▶ _Task goal_
For the data below, give again exactly the lines from the one containing "Carol Burnett #CarolBurnett" through the one containing "Elasticated Shorts GOTS | Blue Grey", both ends included, and no others.
(Provided entries)
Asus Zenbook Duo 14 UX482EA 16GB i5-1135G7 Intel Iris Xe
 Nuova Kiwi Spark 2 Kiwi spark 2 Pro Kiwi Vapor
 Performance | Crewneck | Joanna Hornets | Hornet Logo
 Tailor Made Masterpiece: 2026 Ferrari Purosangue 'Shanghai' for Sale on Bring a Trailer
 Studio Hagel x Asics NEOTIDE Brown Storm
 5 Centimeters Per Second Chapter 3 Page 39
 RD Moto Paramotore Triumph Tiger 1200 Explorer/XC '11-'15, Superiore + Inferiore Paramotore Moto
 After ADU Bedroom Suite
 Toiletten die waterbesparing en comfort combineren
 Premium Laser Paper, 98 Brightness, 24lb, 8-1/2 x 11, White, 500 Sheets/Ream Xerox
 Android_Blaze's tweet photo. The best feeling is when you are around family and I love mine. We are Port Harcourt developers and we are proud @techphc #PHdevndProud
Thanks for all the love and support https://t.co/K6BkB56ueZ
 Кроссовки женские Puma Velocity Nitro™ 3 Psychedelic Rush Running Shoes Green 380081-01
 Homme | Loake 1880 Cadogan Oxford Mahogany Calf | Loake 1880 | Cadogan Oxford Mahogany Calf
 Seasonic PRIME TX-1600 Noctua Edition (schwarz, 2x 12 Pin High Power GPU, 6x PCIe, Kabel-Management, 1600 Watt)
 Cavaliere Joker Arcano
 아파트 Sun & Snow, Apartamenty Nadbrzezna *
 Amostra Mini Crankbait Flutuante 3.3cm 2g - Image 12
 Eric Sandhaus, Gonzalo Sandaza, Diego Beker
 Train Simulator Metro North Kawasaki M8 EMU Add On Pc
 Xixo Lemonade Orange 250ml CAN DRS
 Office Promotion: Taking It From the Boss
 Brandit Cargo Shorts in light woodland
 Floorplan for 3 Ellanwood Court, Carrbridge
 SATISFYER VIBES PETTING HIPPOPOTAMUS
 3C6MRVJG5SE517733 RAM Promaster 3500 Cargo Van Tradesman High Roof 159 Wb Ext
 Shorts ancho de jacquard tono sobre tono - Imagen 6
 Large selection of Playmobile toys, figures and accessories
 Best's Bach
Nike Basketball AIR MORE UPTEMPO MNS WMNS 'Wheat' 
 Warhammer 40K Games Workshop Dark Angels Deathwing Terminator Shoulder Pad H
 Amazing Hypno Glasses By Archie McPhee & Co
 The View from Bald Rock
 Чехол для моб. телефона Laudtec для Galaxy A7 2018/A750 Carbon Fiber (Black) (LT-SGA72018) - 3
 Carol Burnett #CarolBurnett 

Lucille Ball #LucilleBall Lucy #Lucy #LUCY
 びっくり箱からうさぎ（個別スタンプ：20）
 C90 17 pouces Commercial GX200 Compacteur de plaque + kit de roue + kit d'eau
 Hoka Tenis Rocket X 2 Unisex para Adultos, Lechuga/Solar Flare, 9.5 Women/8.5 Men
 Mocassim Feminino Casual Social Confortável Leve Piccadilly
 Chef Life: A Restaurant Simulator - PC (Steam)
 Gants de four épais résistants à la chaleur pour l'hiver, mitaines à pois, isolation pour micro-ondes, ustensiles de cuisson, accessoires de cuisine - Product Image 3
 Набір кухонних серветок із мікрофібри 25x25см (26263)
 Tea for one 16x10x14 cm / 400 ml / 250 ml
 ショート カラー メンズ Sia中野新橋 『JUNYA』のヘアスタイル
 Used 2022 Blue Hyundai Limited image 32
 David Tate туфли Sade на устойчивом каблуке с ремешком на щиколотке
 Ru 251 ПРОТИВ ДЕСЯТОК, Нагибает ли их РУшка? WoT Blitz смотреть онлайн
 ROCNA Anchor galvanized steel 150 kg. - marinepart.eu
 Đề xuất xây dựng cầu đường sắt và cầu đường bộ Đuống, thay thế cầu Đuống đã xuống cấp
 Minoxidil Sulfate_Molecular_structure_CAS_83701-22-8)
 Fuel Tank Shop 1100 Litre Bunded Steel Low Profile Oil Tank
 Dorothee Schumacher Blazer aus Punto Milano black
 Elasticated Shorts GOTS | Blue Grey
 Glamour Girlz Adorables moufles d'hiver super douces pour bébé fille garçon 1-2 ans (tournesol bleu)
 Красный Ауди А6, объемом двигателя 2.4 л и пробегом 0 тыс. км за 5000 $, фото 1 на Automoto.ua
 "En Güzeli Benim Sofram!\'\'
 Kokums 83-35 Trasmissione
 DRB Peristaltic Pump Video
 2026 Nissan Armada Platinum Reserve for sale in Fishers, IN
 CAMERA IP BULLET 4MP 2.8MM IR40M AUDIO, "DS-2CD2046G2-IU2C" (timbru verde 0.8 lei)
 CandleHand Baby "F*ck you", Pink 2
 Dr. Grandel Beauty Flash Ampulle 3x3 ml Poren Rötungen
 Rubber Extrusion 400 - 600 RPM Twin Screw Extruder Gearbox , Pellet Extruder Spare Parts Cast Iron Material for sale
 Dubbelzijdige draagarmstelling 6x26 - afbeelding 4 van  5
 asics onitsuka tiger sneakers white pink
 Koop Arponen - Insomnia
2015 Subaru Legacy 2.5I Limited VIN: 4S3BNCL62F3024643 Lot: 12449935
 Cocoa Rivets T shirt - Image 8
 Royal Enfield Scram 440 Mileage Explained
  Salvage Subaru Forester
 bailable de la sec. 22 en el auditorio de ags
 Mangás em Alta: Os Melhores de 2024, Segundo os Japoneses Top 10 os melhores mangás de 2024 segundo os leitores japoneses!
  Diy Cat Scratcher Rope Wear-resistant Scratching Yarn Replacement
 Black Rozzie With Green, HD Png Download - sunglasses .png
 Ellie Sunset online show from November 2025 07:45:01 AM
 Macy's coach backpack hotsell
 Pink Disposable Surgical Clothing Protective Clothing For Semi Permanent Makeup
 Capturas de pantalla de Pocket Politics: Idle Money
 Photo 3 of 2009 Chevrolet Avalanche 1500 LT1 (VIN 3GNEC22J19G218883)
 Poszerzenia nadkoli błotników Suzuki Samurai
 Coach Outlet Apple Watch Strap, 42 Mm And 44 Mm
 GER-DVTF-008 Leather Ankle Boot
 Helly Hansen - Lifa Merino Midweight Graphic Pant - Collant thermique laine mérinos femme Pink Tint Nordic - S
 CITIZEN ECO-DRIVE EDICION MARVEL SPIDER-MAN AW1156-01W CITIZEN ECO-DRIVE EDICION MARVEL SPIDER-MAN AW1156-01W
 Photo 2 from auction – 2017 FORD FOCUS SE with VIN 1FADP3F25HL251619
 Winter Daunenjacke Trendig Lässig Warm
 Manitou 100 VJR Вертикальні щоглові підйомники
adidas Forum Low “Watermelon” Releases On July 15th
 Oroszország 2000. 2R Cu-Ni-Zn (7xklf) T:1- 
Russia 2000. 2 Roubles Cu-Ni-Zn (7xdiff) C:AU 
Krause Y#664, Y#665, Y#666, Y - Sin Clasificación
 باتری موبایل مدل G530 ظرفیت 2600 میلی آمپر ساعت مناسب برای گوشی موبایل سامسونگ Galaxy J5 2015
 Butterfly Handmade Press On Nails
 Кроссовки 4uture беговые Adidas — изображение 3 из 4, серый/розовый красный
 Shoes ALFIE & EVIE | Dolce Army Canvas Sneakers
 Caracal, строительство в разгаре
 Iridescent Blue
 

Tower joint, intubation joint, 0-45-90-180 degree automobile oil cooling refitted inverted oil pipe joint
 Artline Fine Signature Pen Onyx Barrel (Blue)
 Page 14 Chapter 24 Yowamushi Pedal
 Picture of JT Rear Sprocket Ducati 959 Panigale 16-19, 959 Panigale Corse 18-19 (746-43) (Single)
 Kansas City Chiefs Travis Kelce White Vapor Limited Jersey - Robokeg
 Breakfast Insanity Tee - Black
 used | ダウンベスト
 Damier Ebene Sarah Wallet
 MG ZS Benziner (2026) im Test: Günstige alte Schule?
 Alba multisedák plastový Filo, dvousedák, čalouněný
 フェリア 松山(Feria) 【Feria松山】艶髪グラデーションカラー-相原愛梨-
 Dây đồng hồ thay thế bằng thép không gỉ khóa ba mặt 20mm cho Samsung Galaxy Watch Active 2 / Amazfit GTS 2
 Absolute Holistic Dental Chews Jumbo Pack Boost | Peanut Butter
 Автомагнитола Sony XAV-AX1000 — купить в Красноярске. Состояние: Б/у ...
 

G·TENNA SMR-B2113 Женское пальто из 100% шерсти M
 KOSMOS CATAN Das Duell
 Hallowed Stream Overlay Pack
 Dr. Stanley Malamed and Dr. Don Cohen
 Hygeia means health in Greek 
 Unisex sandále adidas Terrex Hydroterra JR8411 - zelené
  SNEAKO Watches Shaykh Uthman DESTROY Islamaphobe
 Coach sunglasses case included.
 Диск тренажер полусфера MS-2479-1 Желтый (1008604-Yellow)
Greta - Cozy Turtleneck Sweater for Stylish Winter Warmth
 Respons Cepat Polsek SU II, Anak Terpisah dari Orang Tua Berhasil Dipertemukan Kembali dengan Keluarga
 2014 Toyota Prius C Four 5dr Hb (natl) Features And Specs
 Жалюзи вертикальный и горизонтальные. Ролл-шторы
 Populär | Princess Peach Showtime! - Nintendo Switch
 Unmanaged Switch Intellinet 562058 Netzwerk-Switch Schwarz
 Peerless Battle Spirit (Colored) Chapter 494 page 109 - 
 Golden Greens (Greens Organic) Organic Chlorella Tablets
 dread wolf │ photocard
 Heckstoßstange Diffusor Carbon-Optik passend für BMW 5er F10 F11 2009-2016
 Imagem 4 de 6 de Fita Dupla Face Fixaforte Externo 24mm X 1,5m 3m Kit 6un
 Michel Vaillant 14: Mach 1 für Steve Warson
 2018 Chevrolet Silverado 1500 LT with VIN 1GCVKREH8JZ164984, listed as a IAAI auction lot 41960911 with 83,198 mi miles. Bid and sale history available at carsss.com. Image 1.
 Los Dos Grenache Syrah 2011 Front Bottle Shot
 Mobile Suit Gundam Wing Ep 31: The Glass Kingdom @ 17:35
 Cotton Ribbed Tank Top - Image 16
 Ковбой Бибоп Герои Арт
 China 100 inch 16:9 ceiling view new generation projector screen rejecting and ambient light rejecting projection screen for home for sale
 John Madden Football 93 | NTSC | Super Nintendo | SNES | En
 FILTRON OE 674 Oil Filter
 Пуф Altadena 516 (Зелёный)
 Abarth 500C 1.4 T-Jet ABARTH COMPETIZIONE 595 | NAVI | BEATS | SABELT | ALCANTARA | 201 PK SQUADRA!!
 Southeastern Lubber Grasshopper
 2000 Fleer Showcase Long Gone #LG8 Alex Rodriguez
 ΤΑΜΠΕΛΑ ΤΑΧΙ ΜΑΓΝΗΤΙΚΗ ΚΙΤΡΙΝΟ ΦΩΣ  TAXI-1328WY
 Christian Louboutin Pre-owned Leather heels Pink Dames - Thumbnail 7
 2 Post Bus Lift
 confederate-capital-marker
(End Provided entries)
▶ _Final answer_
 Carol Burnett #CarolBurnett 

Lucille Ball #LucilleBall Lucy #Lucy #LUCY
 びっくり箱からうさぎ（個別スタンプ：20）
 C90 17 pouces Commercial GX200 Compacteur de plaque + kit de roue + kit d'eau
 Hoka Tenis Rocket X 2 Unisex para Adultos, Lechuga/Solar Flare, 9.5 Women/8.5 Men
 Mocassim Feminino Casual Social Confortável Leve Piccadilly
 Chef Life: A Restaurant Simulator - PC (Steam)
 Gants de four épais résistants à la chaleur pour l'hiver, mitaines à pois, isolation pour micro-ondes, ustensiles de cuisson, accessoires de cuisine - Product Image 3
 Набір кухонних серветок із мікрофібри 25x25см (26263)
 Tea for one 16x10x14 cm / 400 ml / 250 ml
 ショート カラー メンズ Sia中野新橋 『JUNYA』のヘアスタイル
 Used 2022 Blue Hyundai Limited image 32
 David Tate туфли Sade на устойчивом каблуке с ремешком на щиколотке
 Ru 251 ПРОТИВ ДЕСЯТОК, Нагибает ли их РУшка? WoT Blitz смотреть онлайн
 ROCNA Anchor galvanized steel 150 kg. - marinepart.eu
 Đề xuất xây dựng cầu đường sắt và cầu đường bộ Đuống, thay thế cầu Đuống đã xuống cấp
 Minoxidil Sulfate_Molecular_structure_CAS_83701-22-8)
 Fuel Tank Shop 1100 Litre Bunded Steel Low Profile Oil Tank
 Dorothee Schumacher Blazer aus Punto Milano black
 Elasticated Shorts GOTS | Blue Grey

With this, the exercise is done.